INSERT OVERWRITE on just created table

1.8k Views Asked by At

I have to replicate a process for a client. I have never worked with Hive, so I am trying to understand what they were doing in other cases.

The Hive script I am trying to understand is this one:

DROP TABLE IF EXISTS distribution.030601_TI11;

CREATE EXTERNAL TABLE IF NOT EXISTS distribution.030601_TI11(
    mygroup STRING, year STRING, type1 STRING, type2 STRING,
    type3 STRING, myvalue INT)
ROW FORMAT DELIMITED FIELDS TERMINATED BY '\t' LINES TERMINATED BY '\n'
STORED AS TEXTFILE LOCATION '/warehouse/distribution/030601_TI11';

INSERT OVERWRITE TABLE distribution.030601_TI11
SELECT *
FROM develop.030601_TI11;

What are they doing?

As far as I have read about Hive, a DROP TABLE IF EXISTS statement over a external table will only delete the table metadata and not the table data. But I would like to know if that INSERT OVERWRITE statement is dropping the previous entries stored in the table, and inserting only the new rows contained in the specified location

And also, how is the LOCATION managed? I want to create the table from a single .csv file.
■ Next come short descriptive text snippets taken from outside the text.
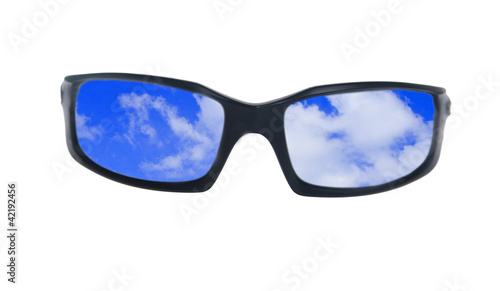 Blue skies reflecting in sunglasses isolated on white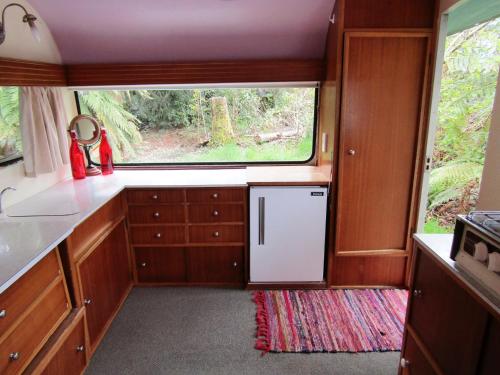 a kitchen with a refrigerator and a window at Greenstone Retreat in Kumara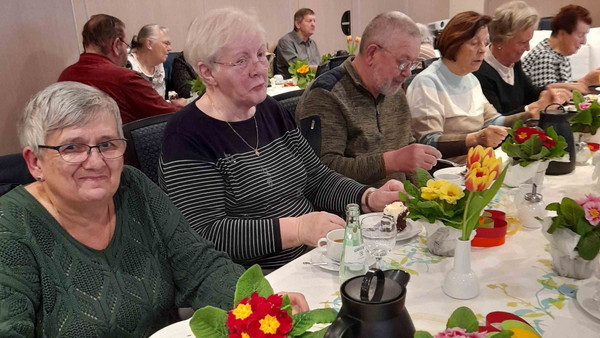 Menschen sitzen am gedeckten Tisch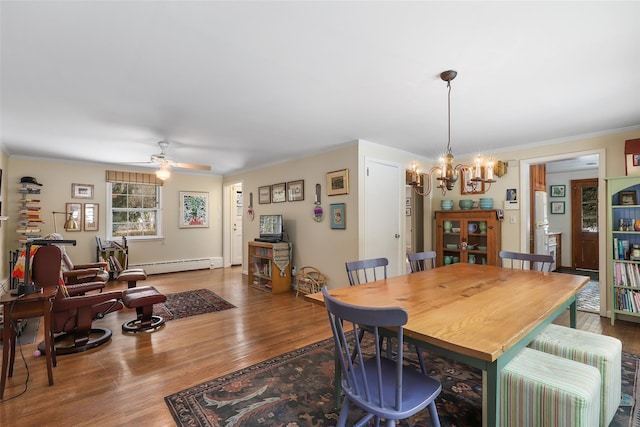 dining room featuring wood-type flooring, crown molding, ceiling fan with notable chandelier, and baseboard heating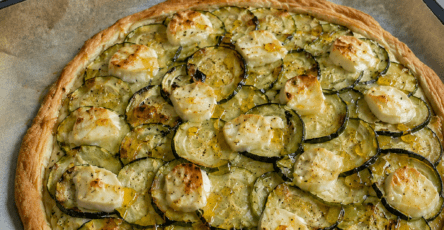 Tarte fine dorée aux courgettes en rondelles, fromage de chèvre fondant, miel brillant, huile d’olive et herbes de Provence sur pâte feuilletée.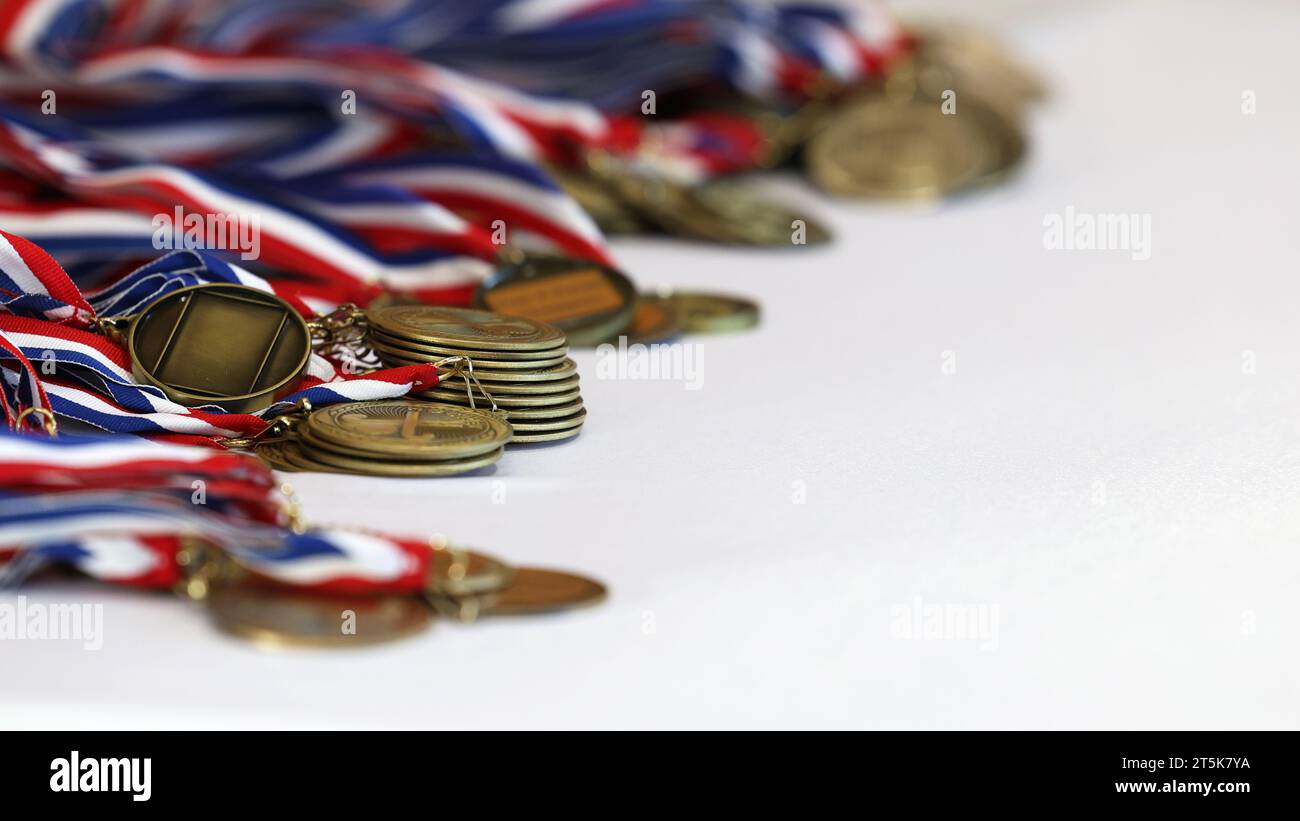 Une pile de médailles et de rubans étalés prêts à être décernés à des équipes sportives ou à des athlètes. Remise de prix à l'école ou au club ou cérémonie de remise de médailles Banque D'Images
Can I write something like LOCATION '/warehouse/develop/myfile.csv' or I can only provide a HDFS directory as a location?

2

There are 2 best solutions below

0
leftjoin On BEST ANSWER

INSERT OVERWRITE TABLE removes all files inside table location and moves new file. This happens at the very end when the query has already successfully executed and result files are created in the temporary location, after that load task removes all files in table location and moves files from temp location to the table location. See also this answer: https://stackoverflow.com/a/63378038/2700344

If you want to create table on top of single file, put it in some folder and make sure there are no other files in the same folder and and specify that folder as a location in create table DDL. Also you can put that file into existing table location using hdfs dfs -put command or using LOAD command or using some other means. Main point here is that table should have it's own location, does not matter how many files are in the location - single file or many files, location is a folder (directory), not a file. Even if it was possible to create table on top of single file instead of folder, it is unsafe, because overwrite can create another files and table will have location pointing to non-existing file. carefully read answers on this question: How to point to a single file with external table

2
Koushik Roy On

You are right, the location for external table will remain as is. So, by drop-create statements they are ensuring that the table doesn't exist before dropping or creating. And the table seems to be dynamic in nature so that can be another reason of drop-create.

Please notice you are using CREATE EXTERNAL TABLE IF NOT EXISTS which means if table exist, it will not recreate. Storage will be cleaned and loaded using INSERT OVERWRITE.
Now, if you want to create a table on top of csv file just use LOCATION '/warehouse/develop/myfile. You dont have to use .csv in location.